WORK ORDER> An exact copy of all the data is needed, with every picture left out.

[Dataset records]
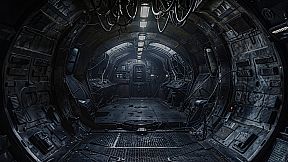 Universe Has No Favorites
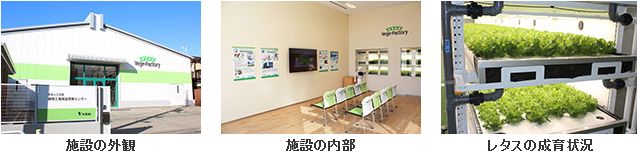 大気社、東京板橋に植物工場実証開発センターを開設。業務用の大型レタスや自動化技術の実証へ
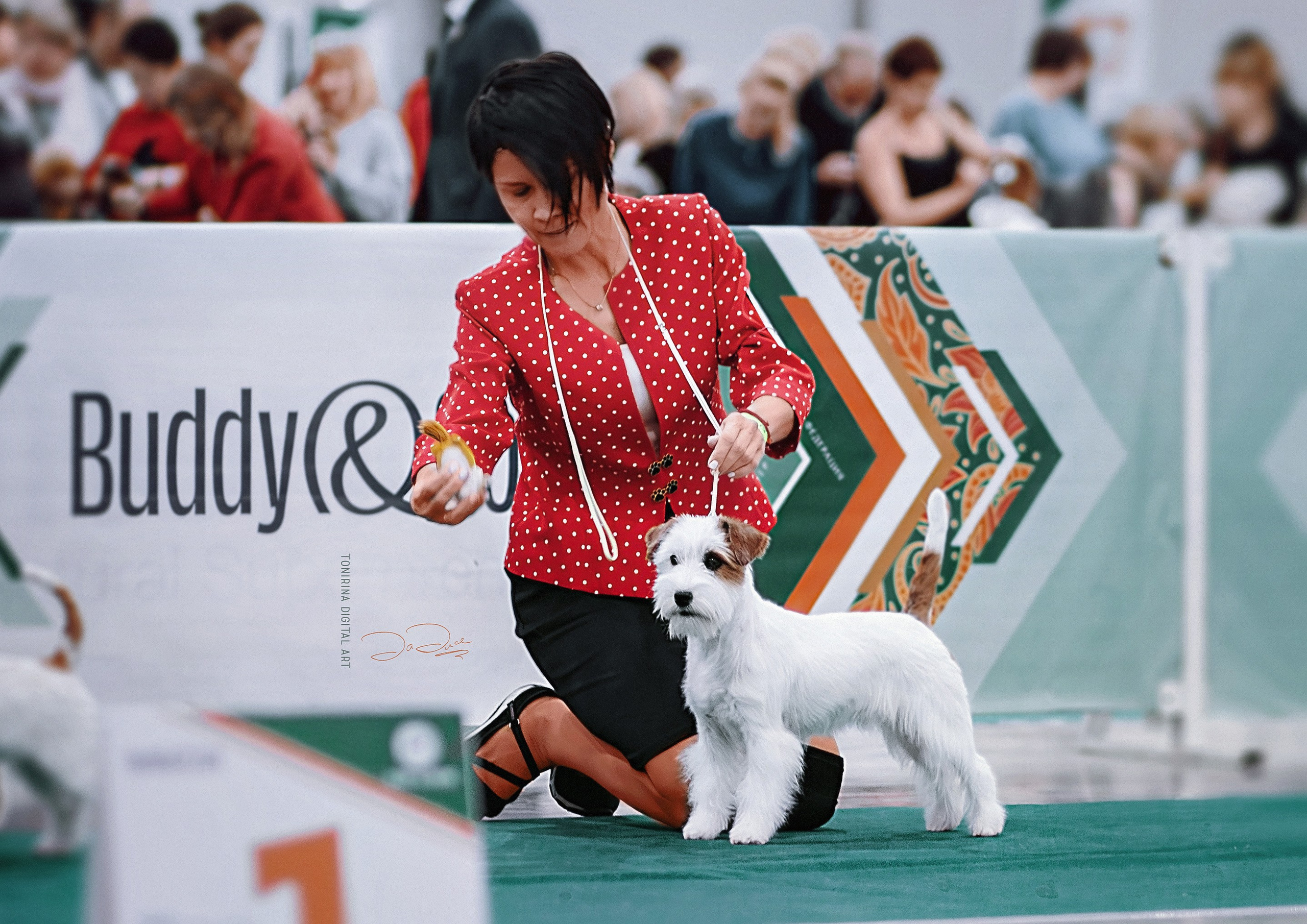 Жесткошерстная. Бело-рыжая Джек рассел терьер. КАНЕ МАЭСТРО СЕРЕБРО. КАНЕ МАЭСТРО — питомник Джек рассел терьеров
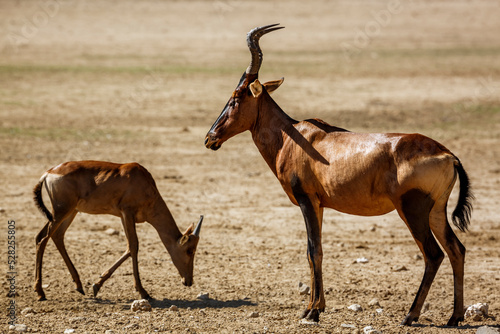 Hartebeest with cut in dry land in Kgalagadi transfrontier park, South Africa; specie Alcelaphus buselaphus family of Bovidae photo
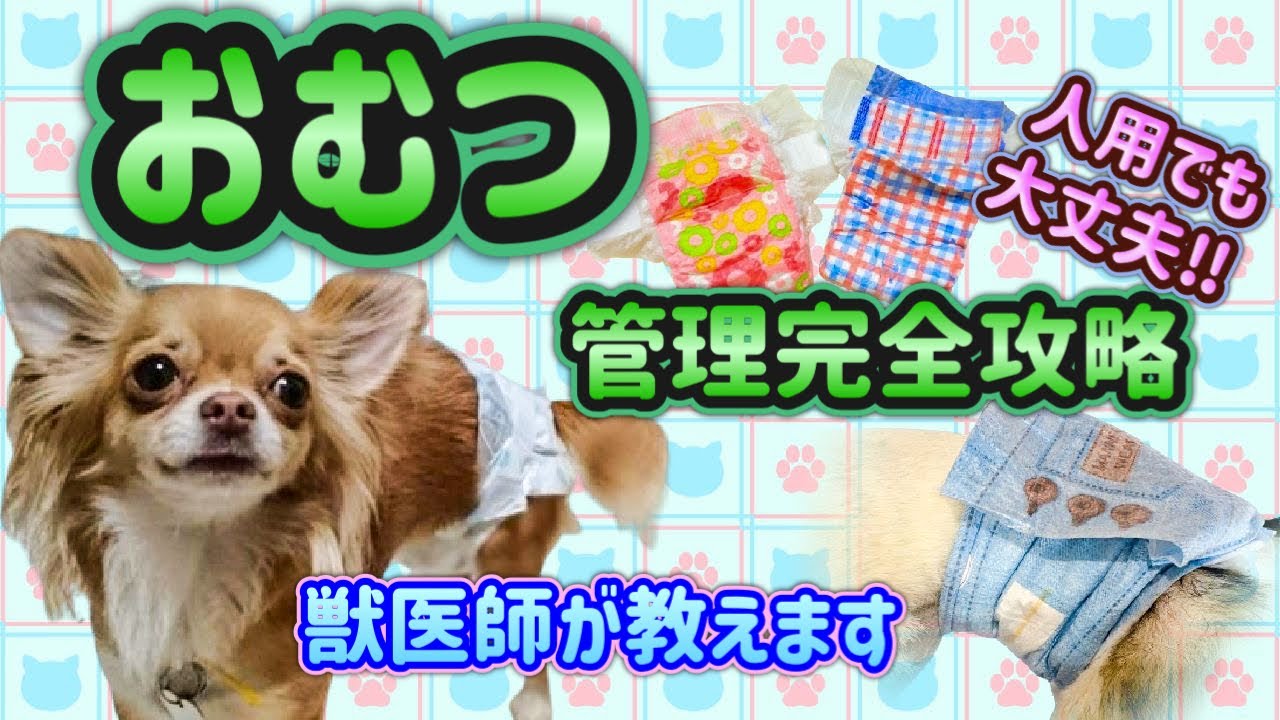 【犬猫用おむつ管理】人間用おむつでも大丈夫‼︎わんちゃんのおむつのトラブル解消します‼︎-ずれないおむつの付け方・作り方、介護生活の排便対策に必須です-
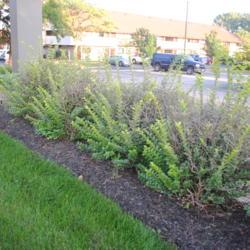 Location: Joliet, Illinois
Date: 2019-09-16
a line of shrubs at a parking lot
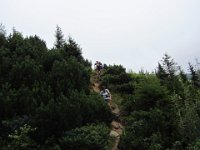 IMG 1325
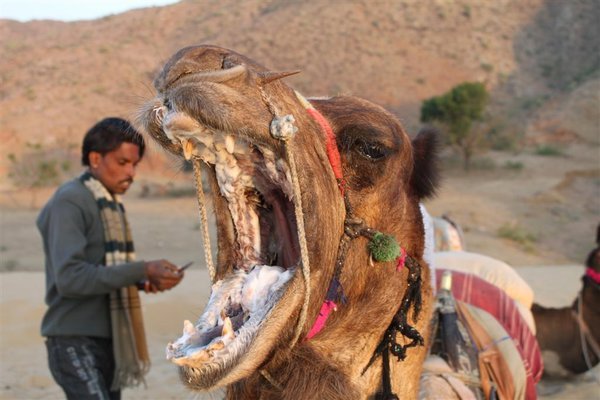 Camel eating  man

COMPLETED TASK>
 Universe Has No Favorites
 大気社、東京板橋に植物工場実証開発センターを開設。業務用の大型レタスや自動化技術の実証へ
 Жесткошерстная. Бело-рыжая Джек рассел терьер. КАНЕ МАЭСТРО СЕРЕБРО. КАНЕ МАЭСТРО — питомник Джек рассел терьеров
 Hartebeest with cut in dry land in Kgalagadi transfrontier park, South Africa; specie Alcelaphus buselaphus family of Bovidae photo
 【犬猫用おむつ管理】人間用おむつでも大丈夫‼︎わんちゃんのおむつのトラブル解消します‼︎-ずれないおむつの付け方・作り方、介護生活の排便対策に必須です-
 Location: Joliet, Illinois
Date: 2019-09-16
a line of shrubs at a parking lot
 IMG 1325
 Camel eating  man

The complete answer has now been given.